Last week, Bob Comis from Stonybrook Farm contributed a piece to the Ethicurean on why he thinks prices for meat raised on small, local farms is too high.
The next day, I read Joel Salatin’s annual newsletter to his on farm customers. Then I sent Joel an email, asking him to do a guest post for me expanding on what he wrote. This is Joel’s take on why local food is more expensive:
Many local and real food advocates chafe under commonly higher prices, not realizing that in fact, much of this higher price does not end up in the farmer’s pocket. It is rather siphoned off as regulatory expense to comply with asinine government regulations that either do not scale down to smaller producers and producers, or are outright capricious and inapplicable.
Last year, here at Polyface we entered the mandatory Workman’s Compensation (WC) world when we passed our third employee. This is a state mandated program administered by a private company. I’m not sure about all the arrangements, but there’s virtually no competition. After our insurance agent filled out all the paperwork he could, he set up a three-way phone interview so I could finish the loose ends. “Only 15 minutes,” he assured me. It took an hour and the questions were outrageous when applied to us.

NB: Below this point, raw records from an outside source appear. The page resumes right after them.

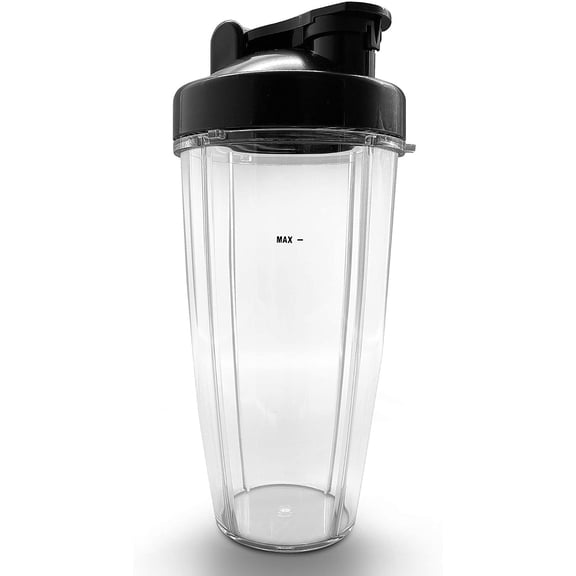 24 Oz Large Blend Cup - Replacement Parts Clear Tritan Blend Container with Sip and Seal Lid, Works with NutriChef model: NCBL1000 - NutriChef PRTNCBL1000LBC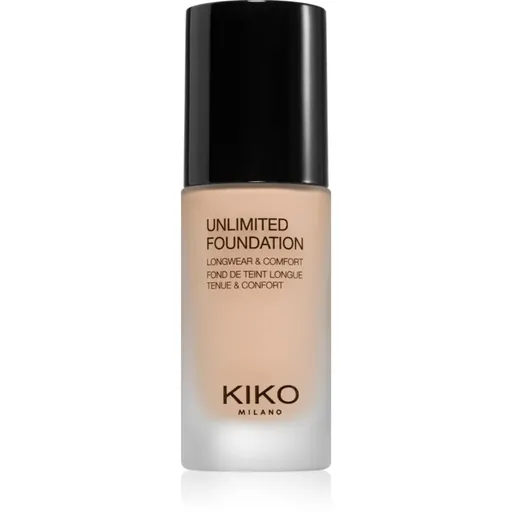 KIKO Milano Unlimited Foundation dlhotrvajúci tekutý make-up s matným efektom odtieň 02 Gold 30 ml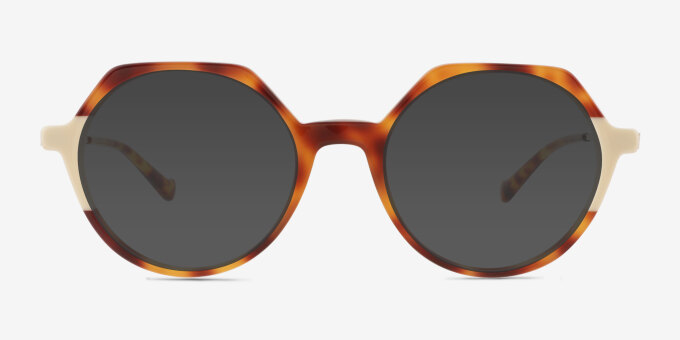 Wellington Tortoise White AcetateEyeglass Frames from EyeBuyDirect, with Tinted Lenses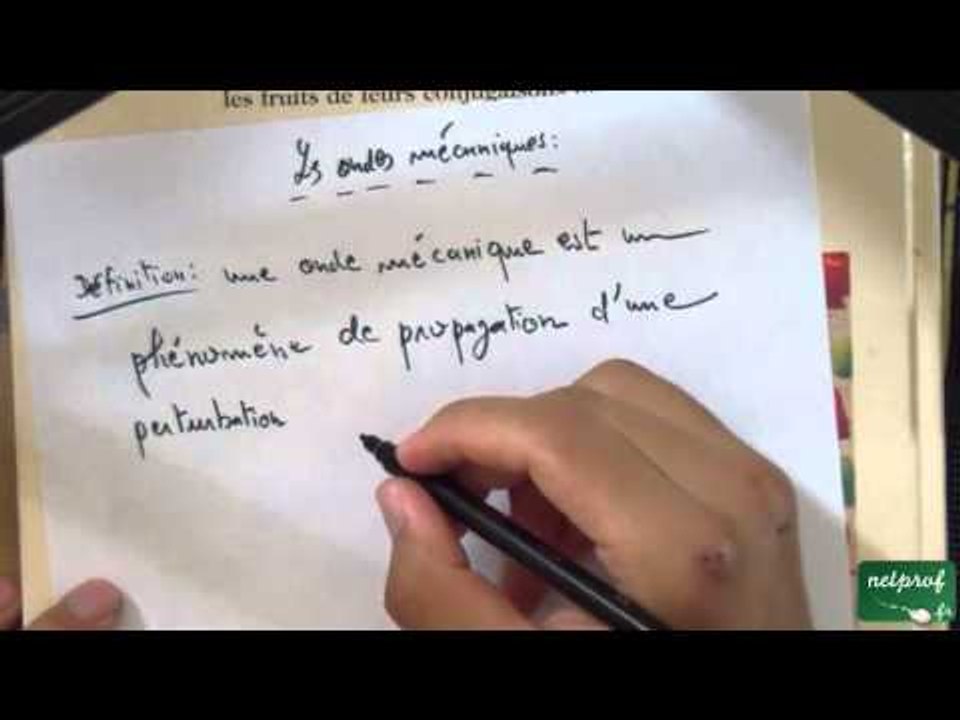 01A-Les ondes mécaniques, part1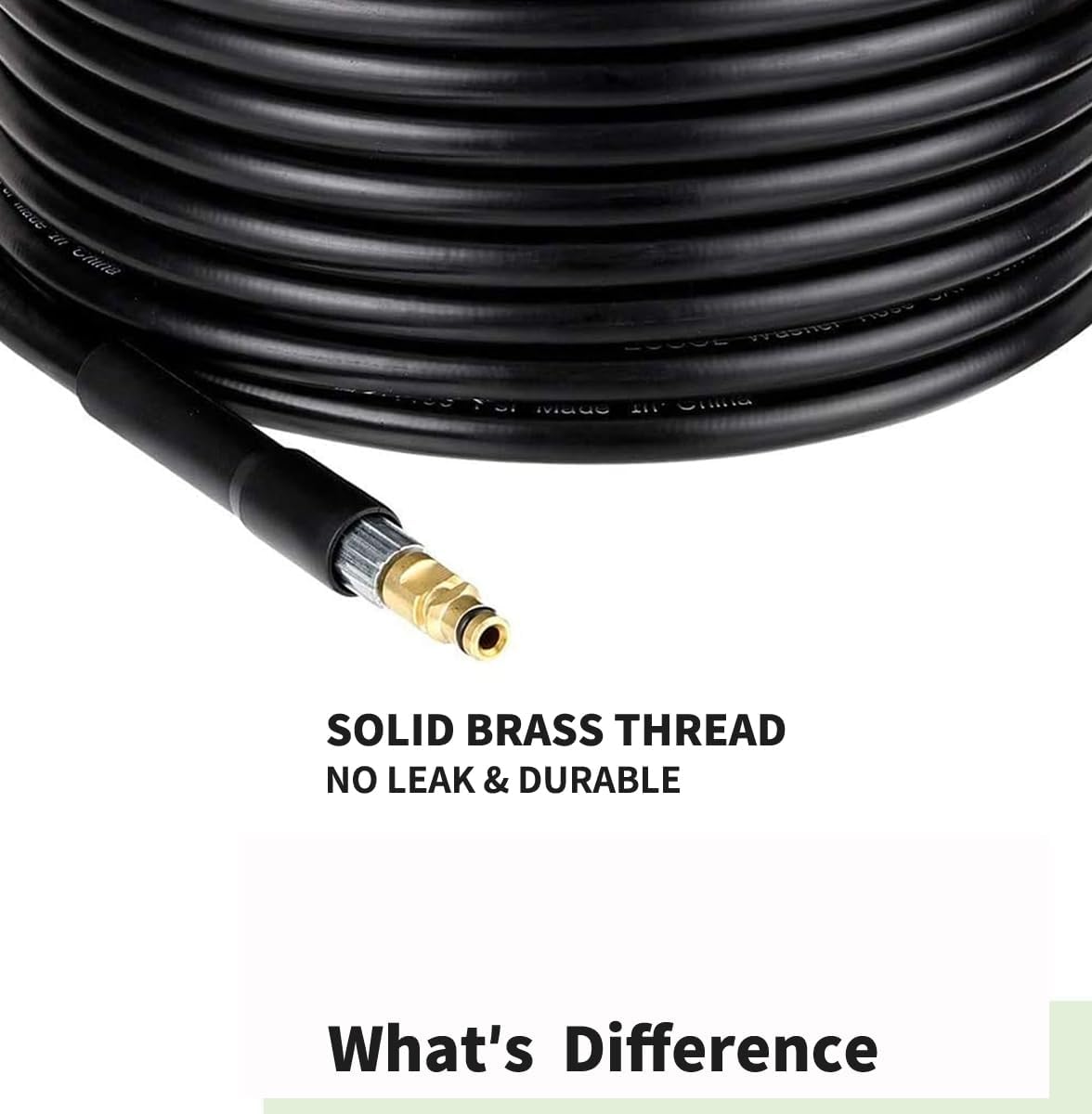 Detalle 2 de Colisal 15M High Pressure Replacement Hose Extension for Karcher K Series (K2–K7) with M22 & C-Clip Quick Connector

Our interns and apprentices, who receive free room and board plus a modest stipend in return for their education, had to be treated like employees. On our farm, we integrate cattle, pigs, and poultry to such an extent that these different types of animals are in the same area and everyone handles chores for all of them. But in WC land, employees must be segregated between “Beef and Pork” or “Poultry.” They can’t mix. The risk actuarials are different so they must be separately categorized.
Of course, the risk to for cattle and hogs is bigger because they can hurt you, especially in a feedlot or Concentrated Animal Feeding Operation. We have neither. And poultry risk is assessed assuming a confinement fecal particulate fan whirring feed augering factory house. Ours are in little squatty pasture schooners, hand watered, hand fed, open air sunshine and dew-speckled pasture.

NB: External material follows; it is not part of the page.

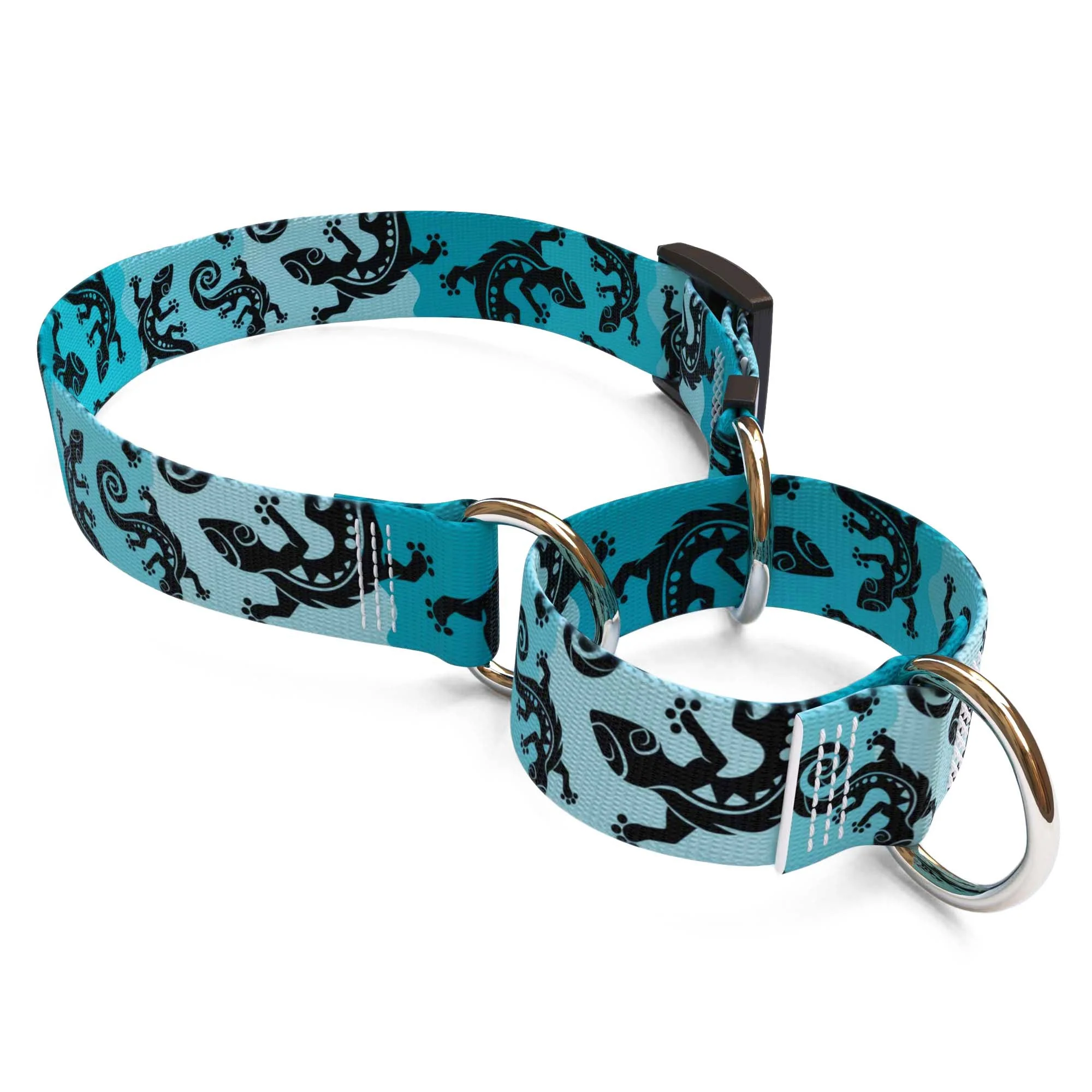 Geckos Teal Dog Collar - Image 3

The real kicker was a delivery driver who takes frozen meat and eggs to the restaurants and home customers. Since we’re a farm, we can’t have such a delivery driver. The only delivery driver we can have is a live animal hauler–highest risk in the book. If we were a delivery service, we could have a low-risk delivery driver, but that’s impossible with a farm. Farms don’t have those kinds of employees.
Bottom line: our little farm operation is paying more than $10,000 a year for government-mandated Workman’s Comp using an assessment system written for Tyson and Cargill. It’s absurd. And immoral. Guess who pays that huge cost? The customer. In a thousand different ways, this scenario plays out across the local food movement, arbitrarily and capriciously prejudicing the price. And that, dear friends, is the main reason why local food is more expensive.